I have 25gallons of slurry to process, so it is going to be a while.
As I am heating the HCL, the flakes that float up to the top, are white. As the HCL heats, and I stir, they slowly turn yellow.
Way cool to watch.
In the bucket that I used to settle the solution, there is two inches of brown slurry with streaks of grey.
The heated solution, I am setting aside to settle. I have two gallons of heated solution so far.
I should have sent the batch to Steve to process in the first place. I just wanted the experience.
It has indeed been an experience.


----------



## docone31 (Nov 12, 2008)

As a final follow up.
I finally finished the whole process! Definate yay.
After going through the entire batch, diluting, boiling down, etc., I finally ended up with a considerable amount of black solid. It completely filled a Kerr Electromelt crucible.
I had dried it as completely as I could, then started heating it. Slowly so in the event there were any vapors, I could control it.
There were none. I increased the heat, slowly, crumbling any solid chunks as I could reach them.
I also used an older crucible.
Well, the deed is done!
When I let the crucible to cool, I had black powder, and some pretty nice gold colour nuggets in the bottom of the crucible.
I guess it was worth it after all.
There are still some chunks I was not able to process. Probably too deep in the crucible to mix in. I plan on powdering it all again, and doing a reheat/remelt. The filters were also added into the first melt.
It went without an hitch! Yay.
I did however get some interesting white "feathers" on the top of the crucible where the top closes it off.
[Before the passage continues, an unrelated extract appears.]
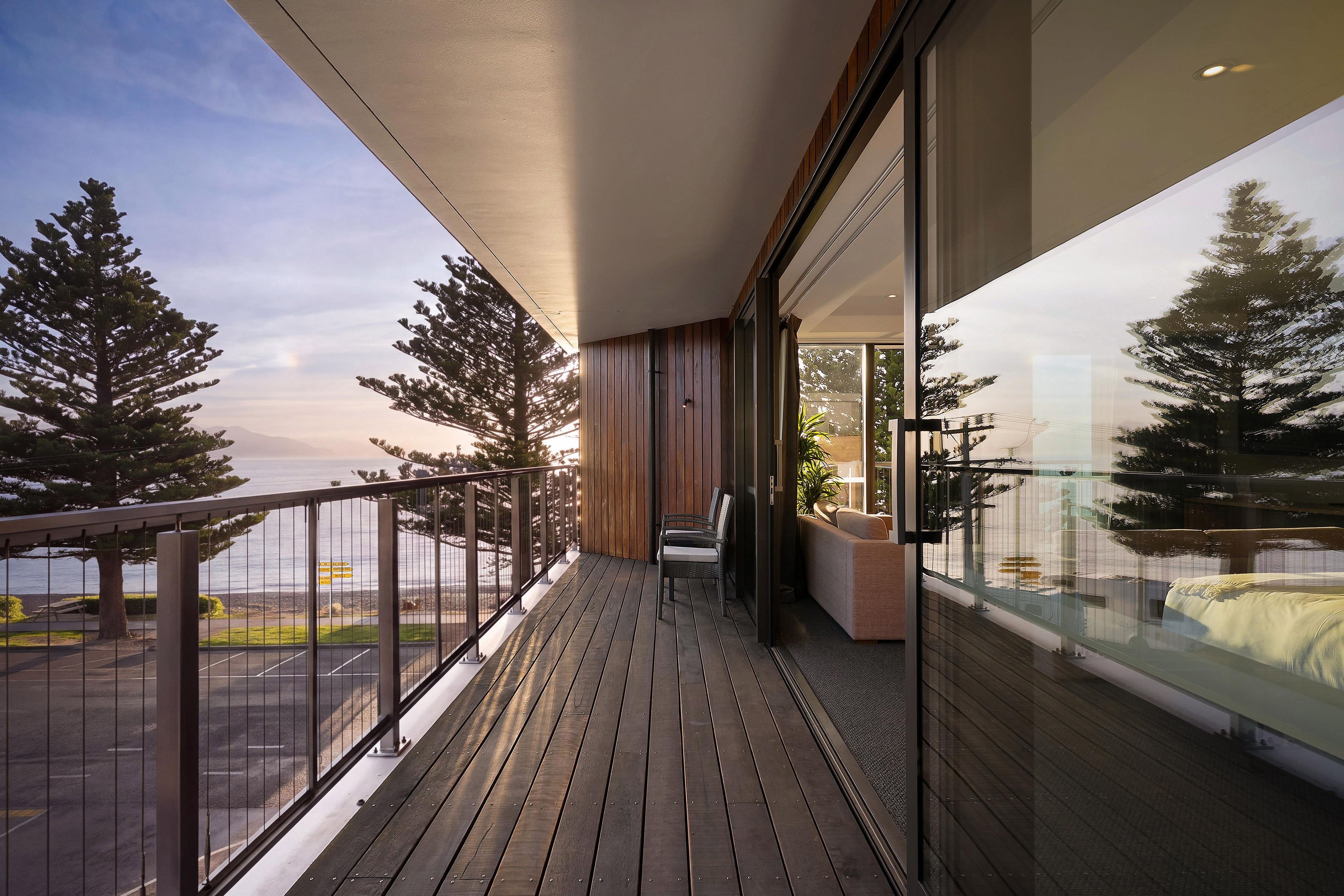 A balcony with a view of the sea and trees, wooden flooring, and a seating area with a sofa and chairs.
They completely covered the top of the interior of the crucible, and were quite fragile. They had distinct "leaves".
Within the chunks left, there are no visible gold balls. Still I am going to remelt with less mass. I primarily heated this way to eliminate any organics that might have entered the container during storage and filtering.
My thanks to all, especially Laser Steve, who took time to guide me to this point.
I am suprised I got any results at all, and definately pleased with the chunk I held in my hand.
Now, that was fun, and I did it.
I will have something to talk about in the future.
My hat is off to you guys! That is a lot of work that MUST be done in controlled condition.
It was worth it though. This time.
I did find a good refiner.
Thanks to all, it worked!


----------